* What is expected: Using the entries that follow, transcribe only the lines from the line with "220V Automatic Infrared PIR Motion Sensor" to the line with "10910 238th Avenue", both included, exactly as they stand and without pictures.

--- Data extract ---

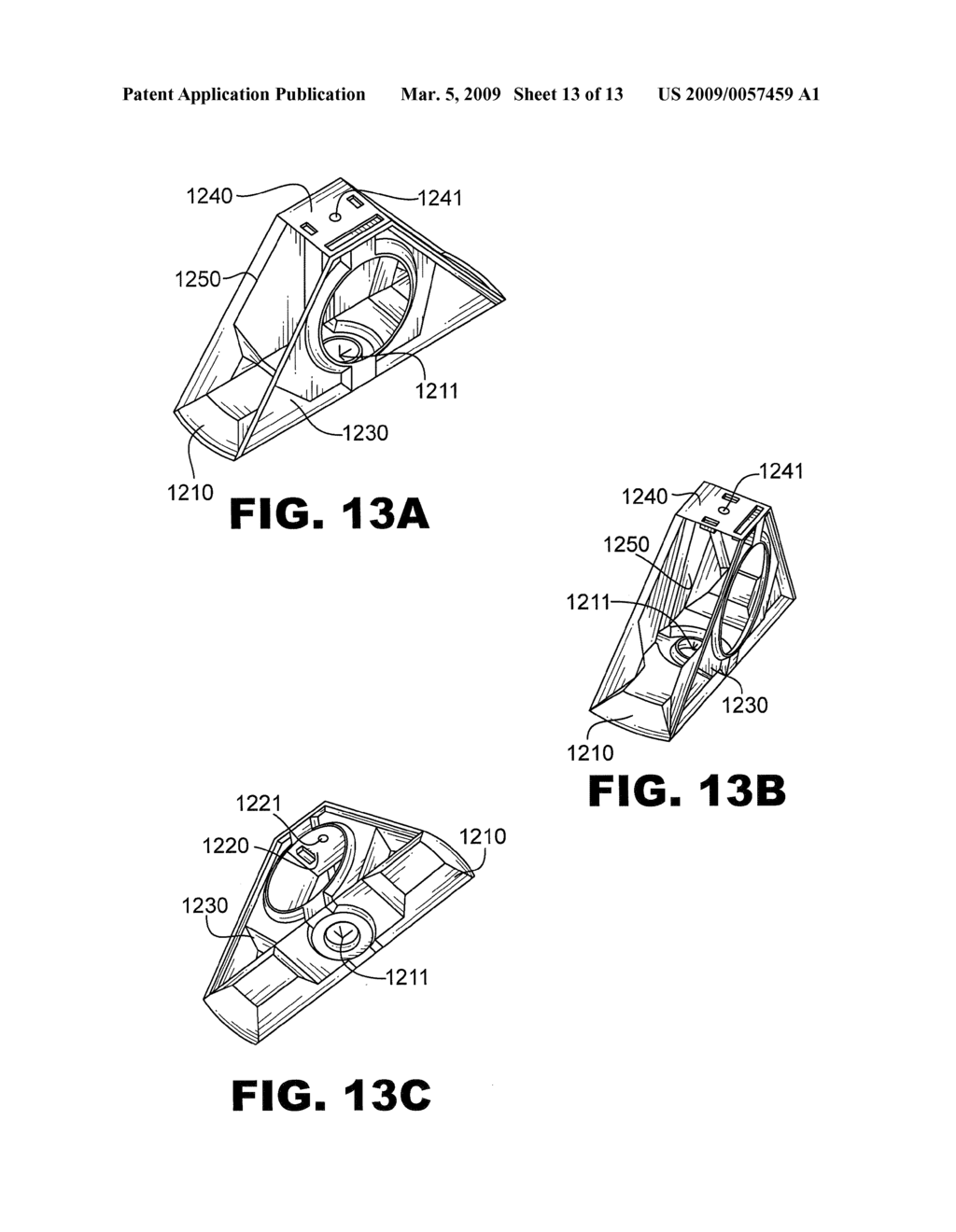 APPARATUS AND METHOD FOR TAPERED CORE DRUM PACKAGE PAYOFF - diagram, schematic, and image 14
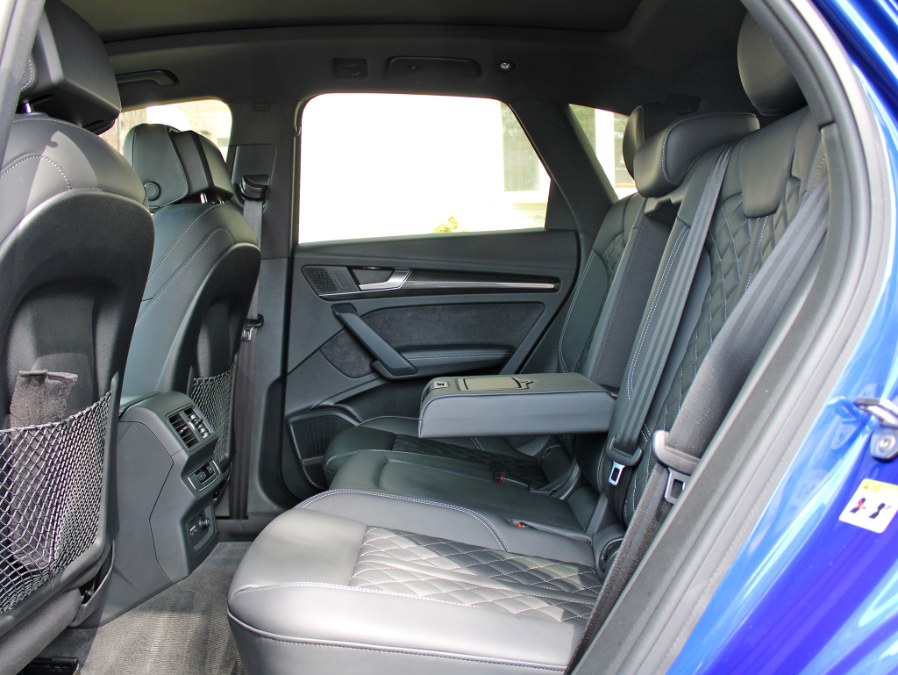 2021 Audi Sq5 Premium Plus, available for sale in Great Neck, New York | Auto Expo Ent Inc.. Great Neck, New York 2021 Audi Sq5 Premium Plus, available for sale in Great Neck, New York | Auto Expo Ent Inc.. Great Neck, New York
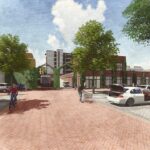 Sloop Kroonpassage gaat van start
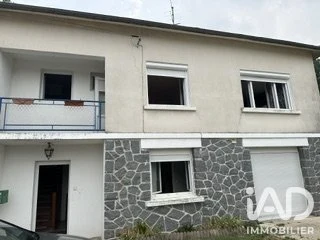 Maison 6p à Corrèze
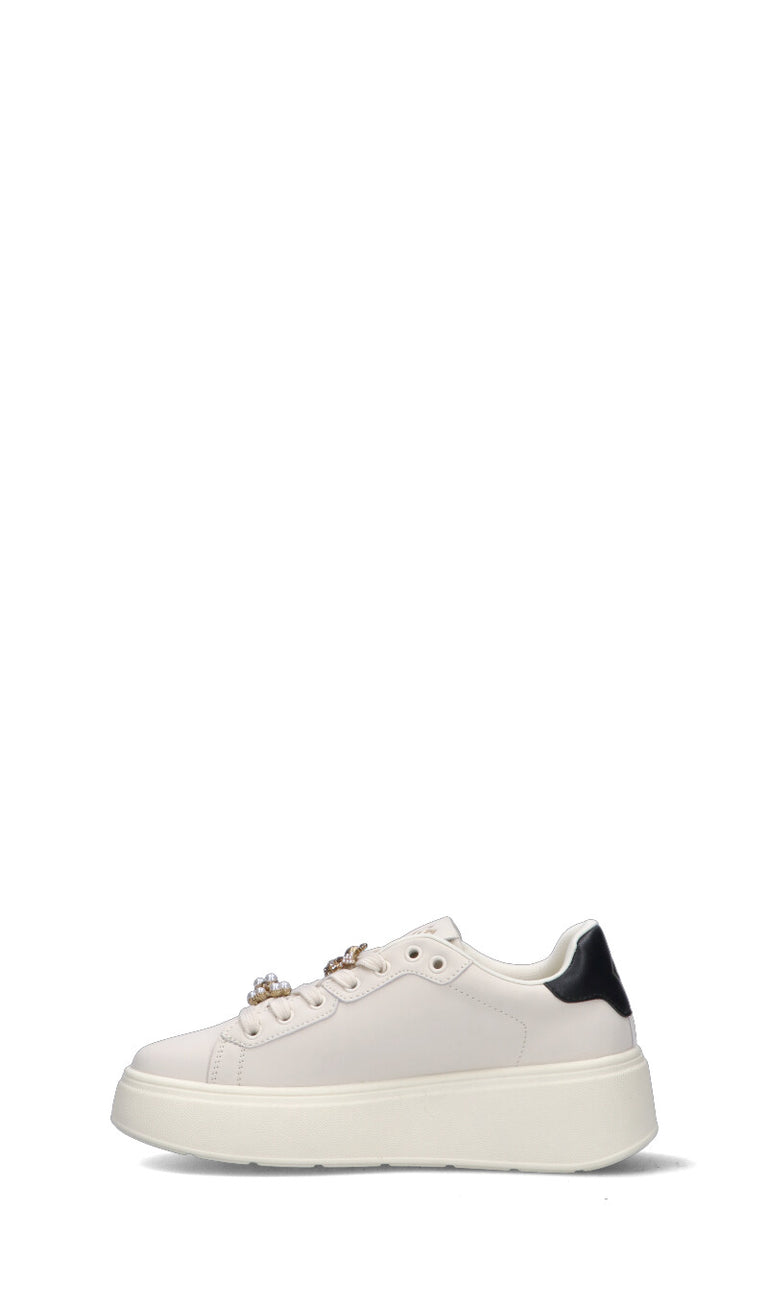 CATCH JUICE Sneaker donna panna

---
--- Data extract ---

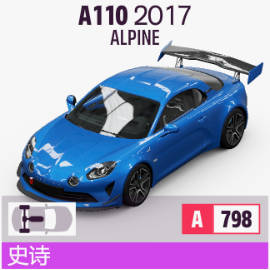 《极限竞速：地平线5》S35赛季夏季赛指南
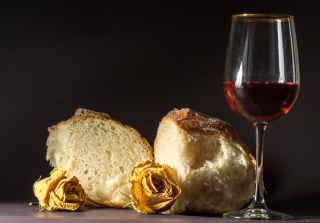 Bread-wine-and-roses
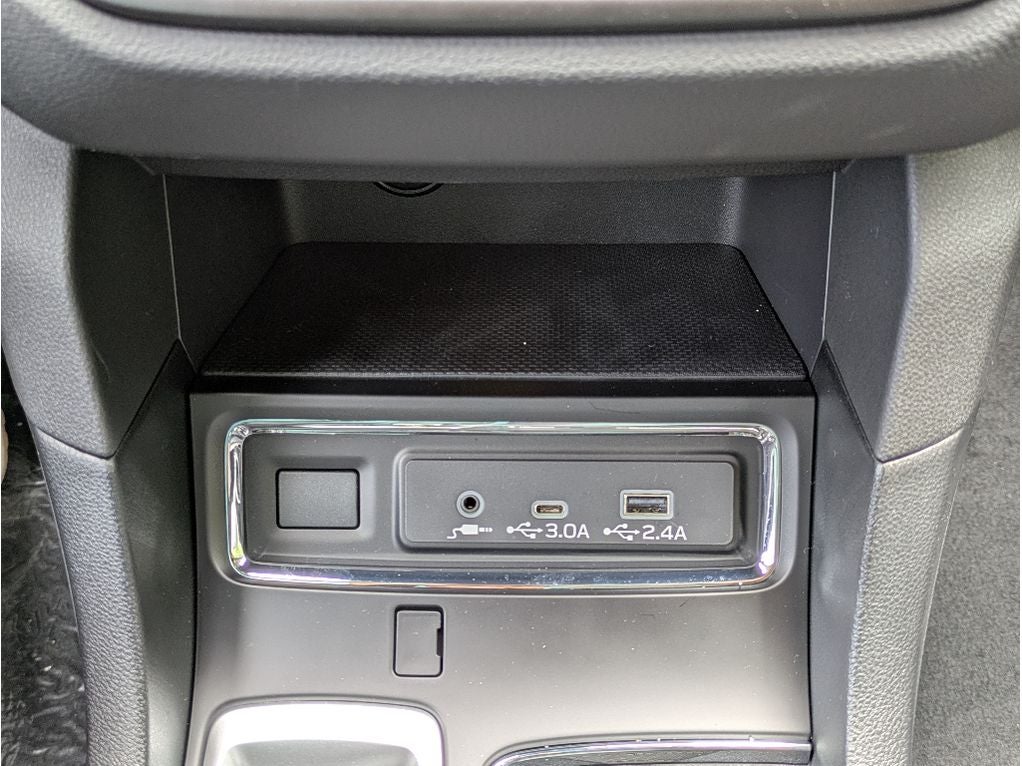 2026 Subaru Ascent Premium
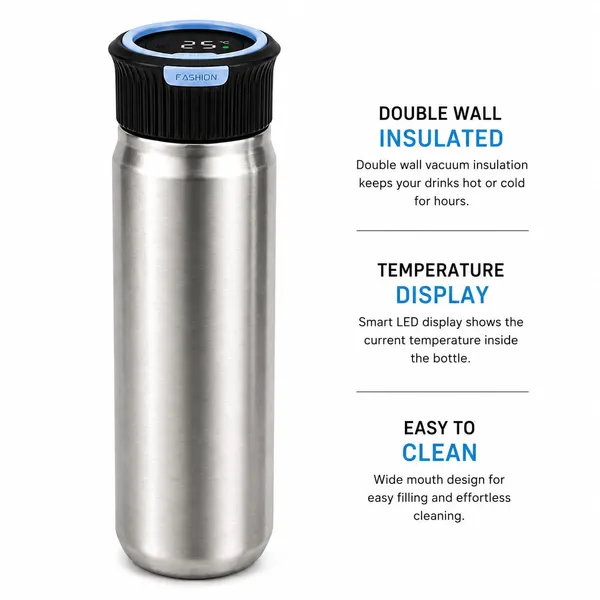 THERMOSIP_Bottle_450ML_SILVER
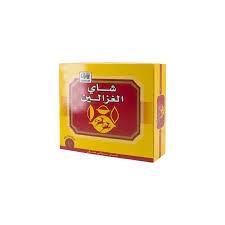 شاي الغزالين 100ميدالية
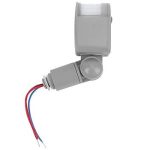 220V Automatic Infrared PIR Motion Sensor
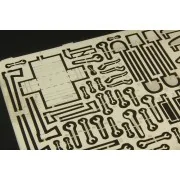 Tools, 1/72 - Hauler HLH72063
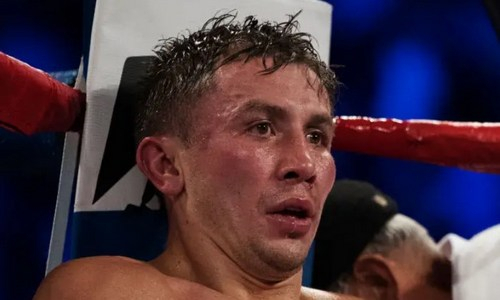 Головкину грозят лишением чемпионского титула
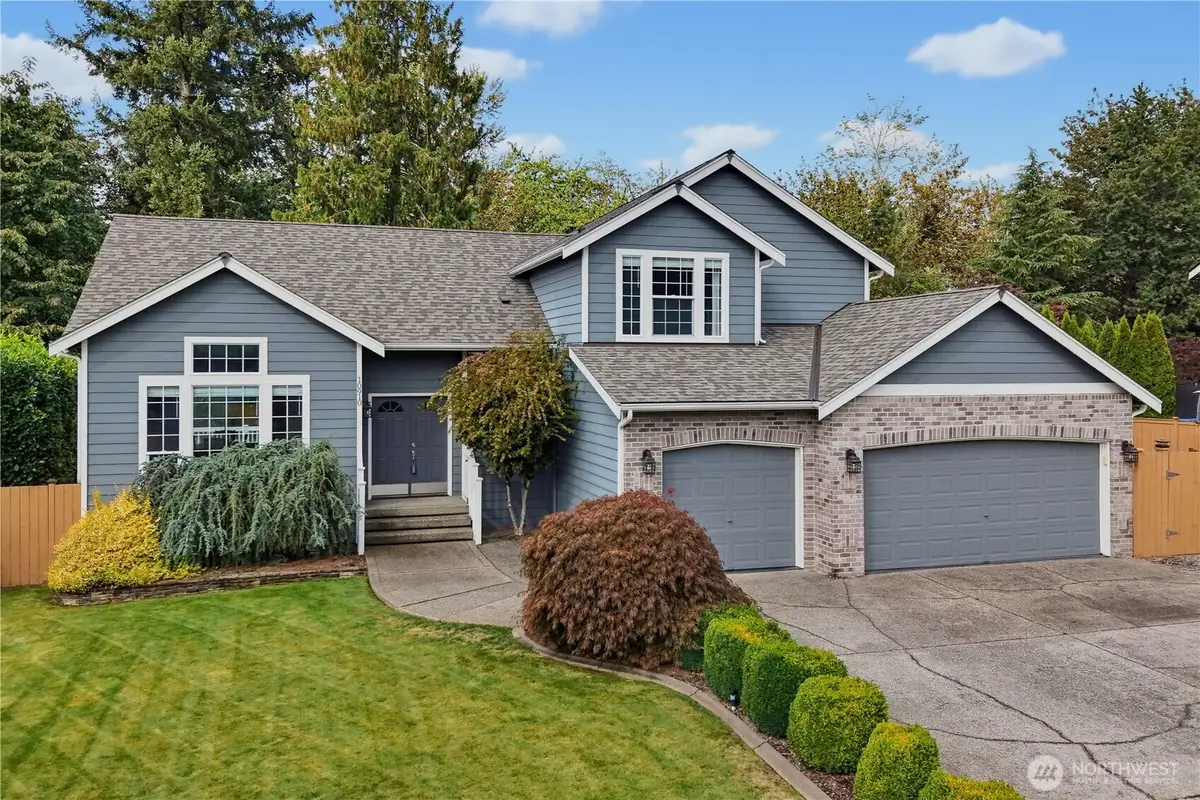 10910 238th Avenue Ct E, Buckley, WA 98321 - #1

---

* Solution to this problem:
 220V Automatic Infrared PIR Motion Sensor
 Tools, 1/72 - Hauler HLH72063
 Головкину грозят лишением чемпионского титула
 10910 238th Avenue Ct E, Buckley, WA 98321 - #1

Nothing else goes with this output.